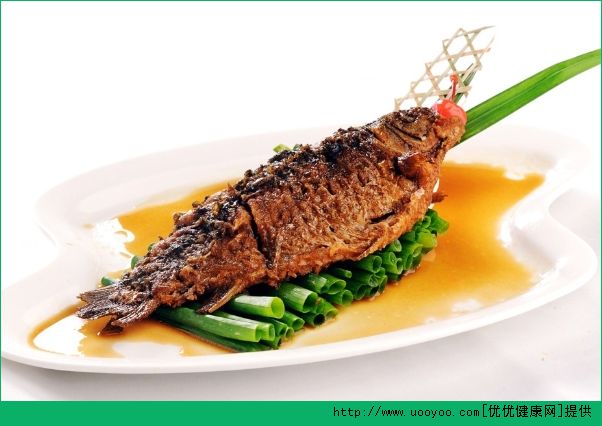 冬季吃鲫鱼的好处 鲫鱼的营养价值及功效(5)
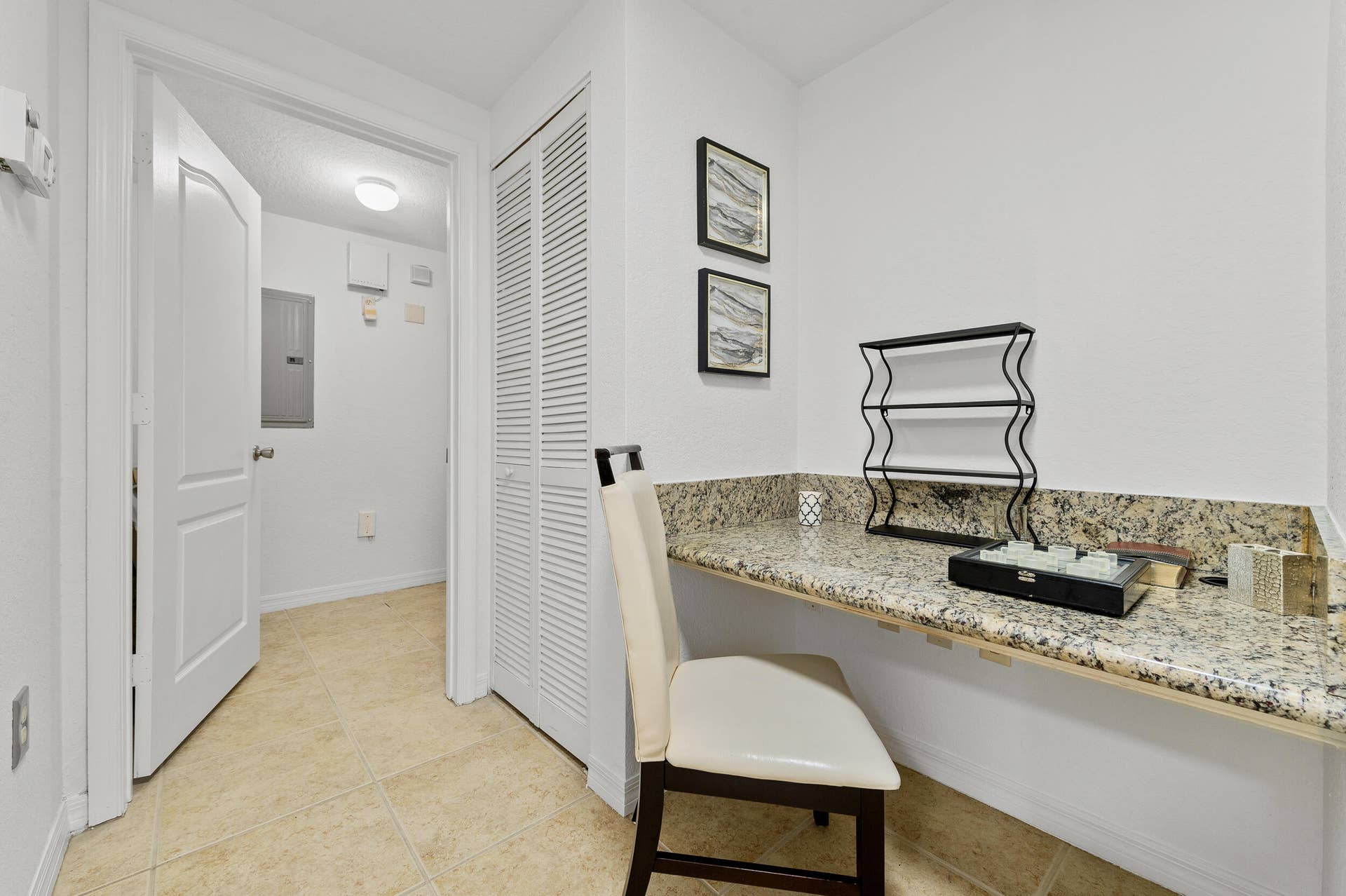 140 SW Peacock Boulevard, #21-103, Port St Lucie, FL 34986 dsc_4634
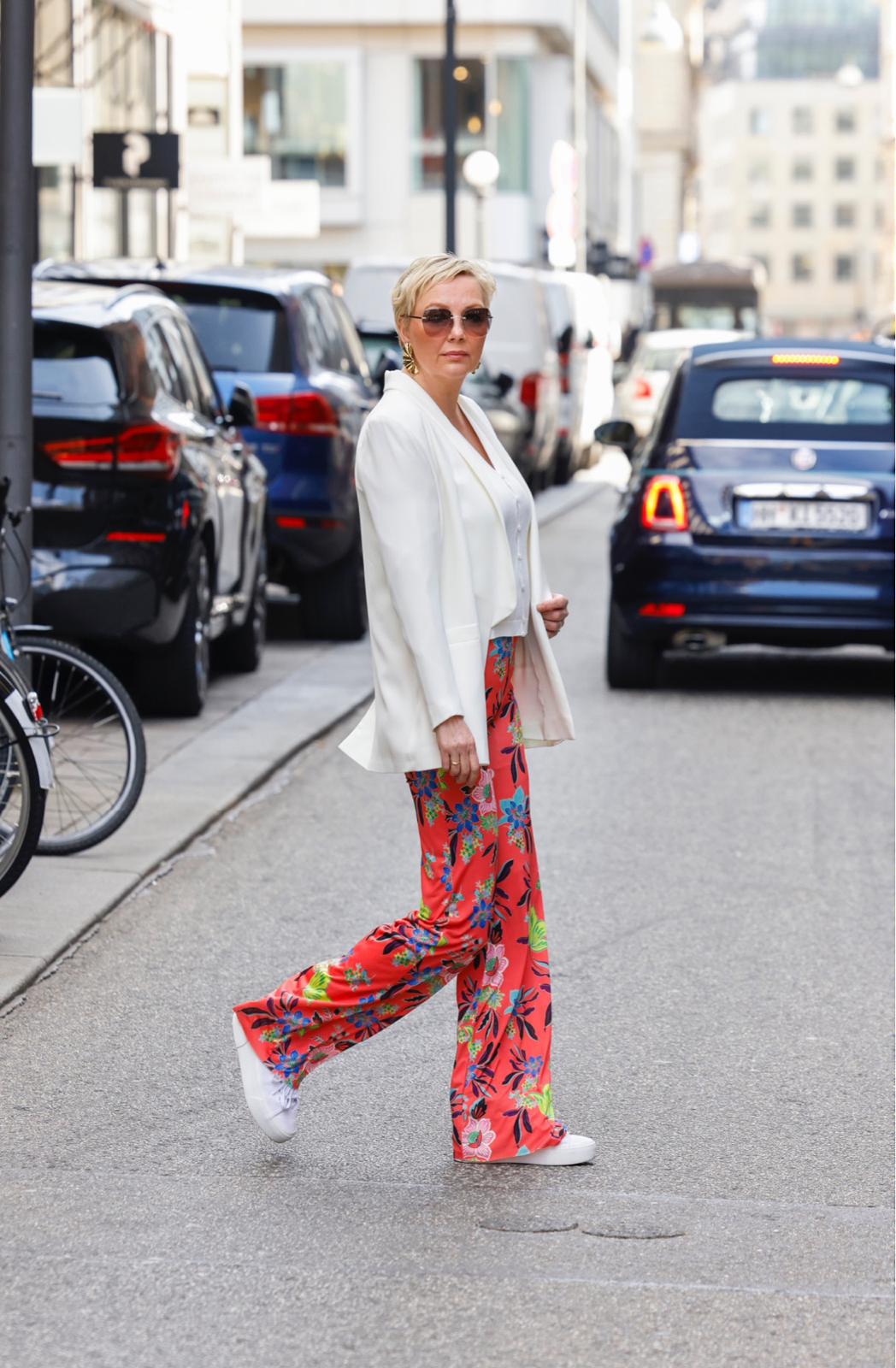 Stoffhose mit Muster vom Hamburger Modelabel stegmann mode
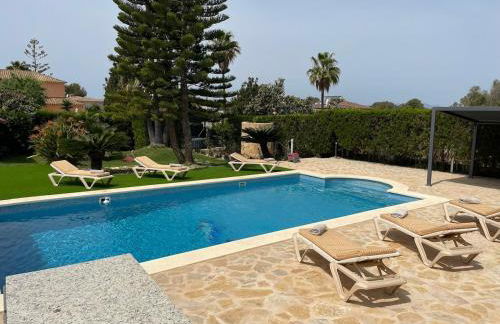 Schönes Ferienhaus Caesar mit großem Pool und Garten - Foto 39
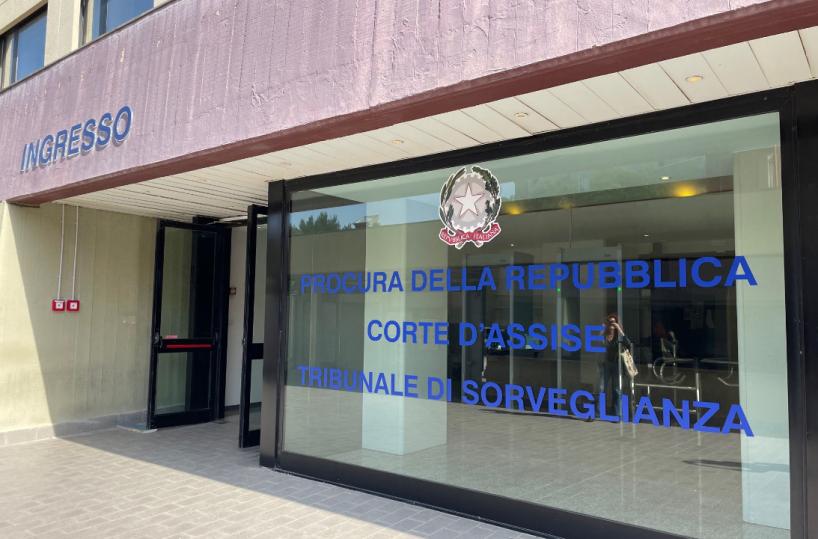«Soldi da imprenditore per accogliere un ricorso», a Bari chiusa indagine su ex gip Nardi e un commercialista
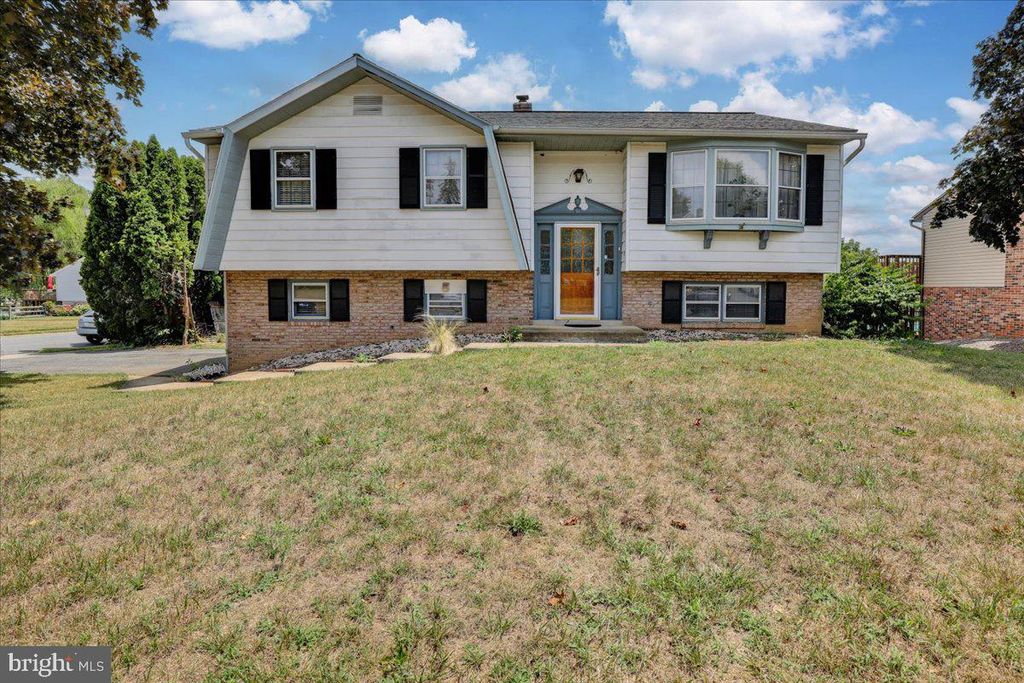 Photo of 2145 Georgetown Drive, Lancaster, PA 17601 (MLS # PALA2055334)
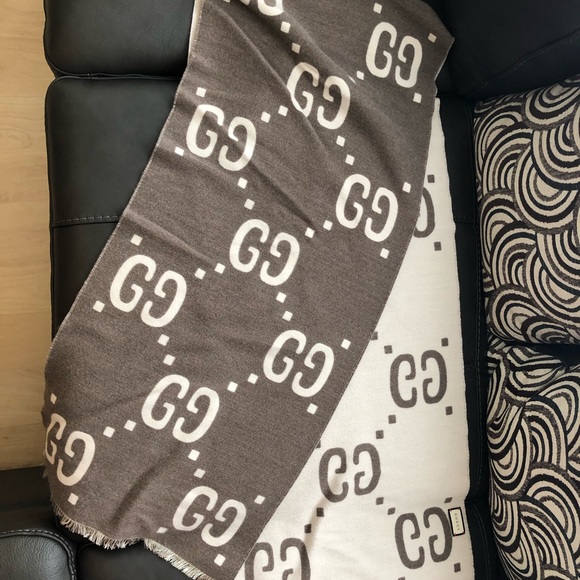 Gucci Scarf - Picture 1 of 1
***
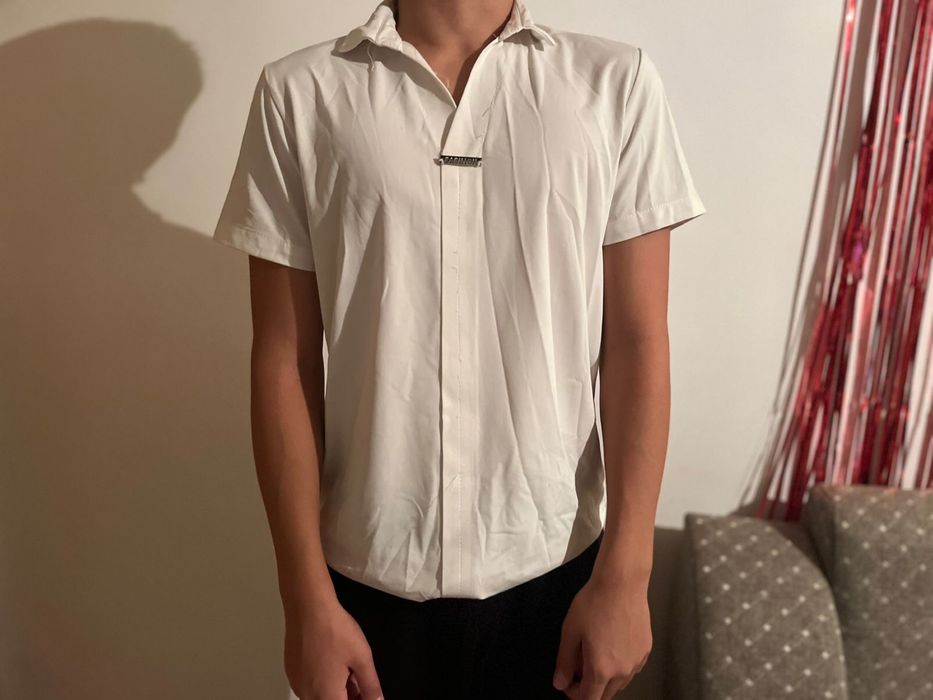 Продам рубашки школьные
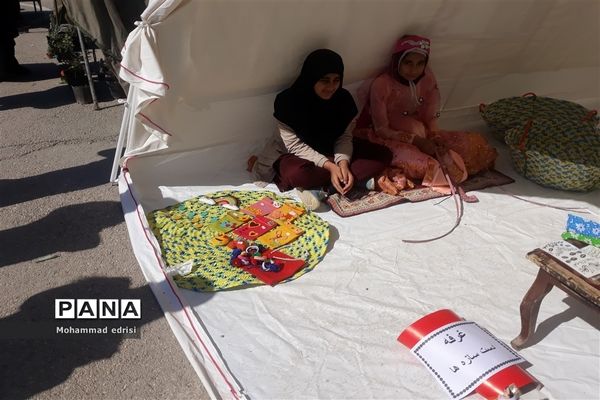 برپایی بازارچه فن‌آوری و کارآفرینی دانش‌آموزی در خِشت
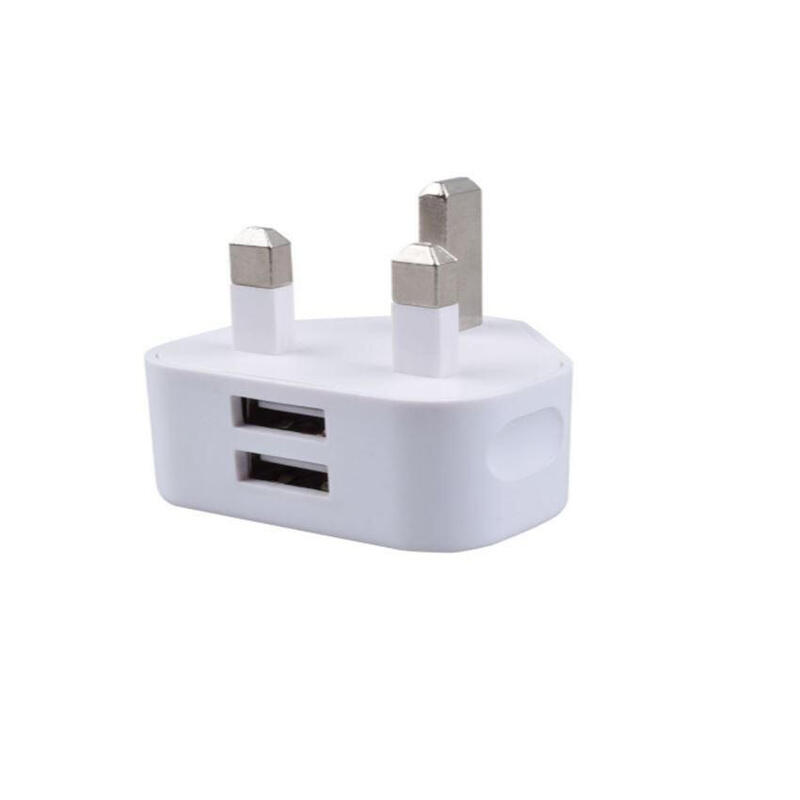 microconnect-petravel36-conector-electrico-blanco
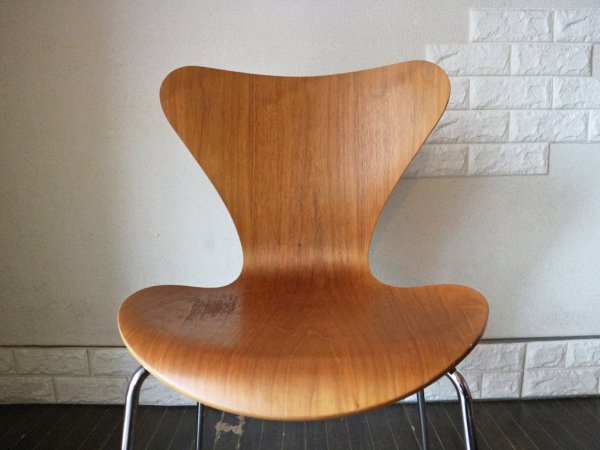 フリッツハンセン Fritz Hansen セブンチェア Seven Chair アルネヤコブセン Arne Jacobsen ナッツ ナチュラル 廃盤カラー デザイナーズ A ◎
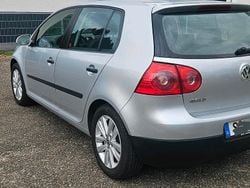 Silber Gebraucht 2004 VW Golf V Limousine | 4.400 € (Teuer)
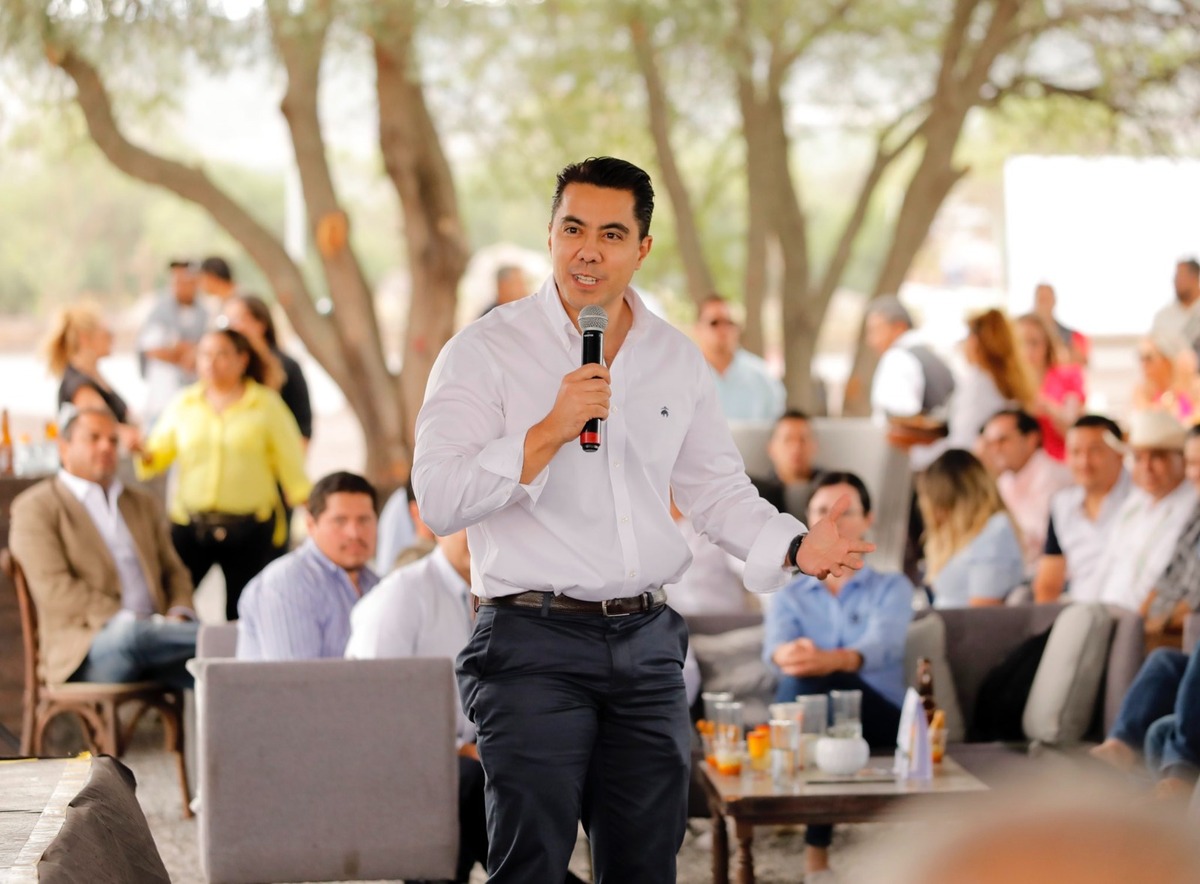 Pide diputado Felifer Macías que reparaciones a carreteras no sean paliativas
***
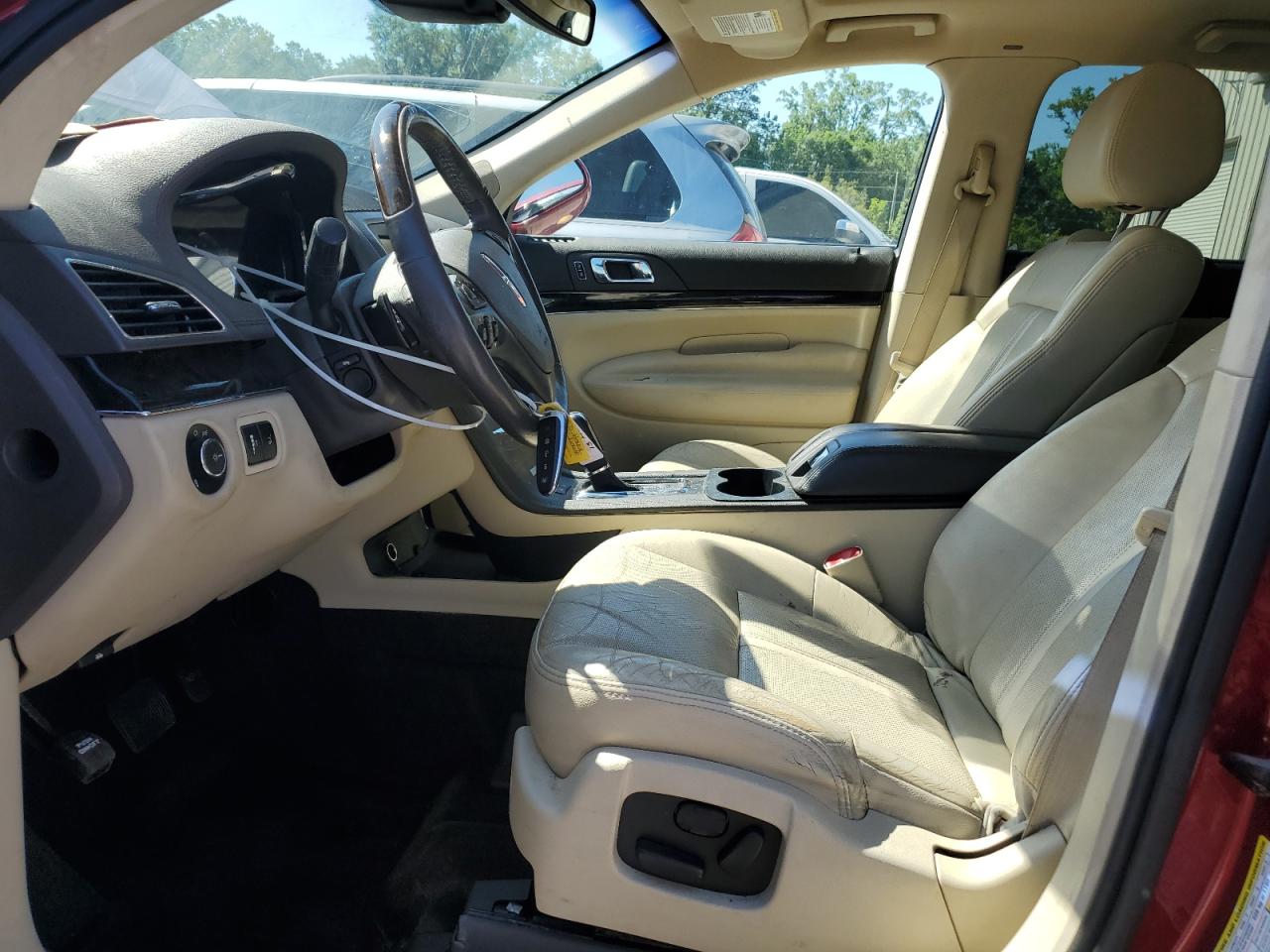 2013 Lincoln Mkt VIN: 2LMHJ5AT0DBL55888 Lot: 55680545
***
> [Task statement] Give back the exact lines above, running from the one that has "Silber Gebraucht 2004" through the one that has "Pide diputado Felifer", with nothing added and no pictures.

> [Solved problem]
 Silber Gebraucht 2004 VW Golf V Limousine | 4.400 € (Teuer)
 Pide diputado Felifer Macías que reparaciones a carreteras no sean paliativas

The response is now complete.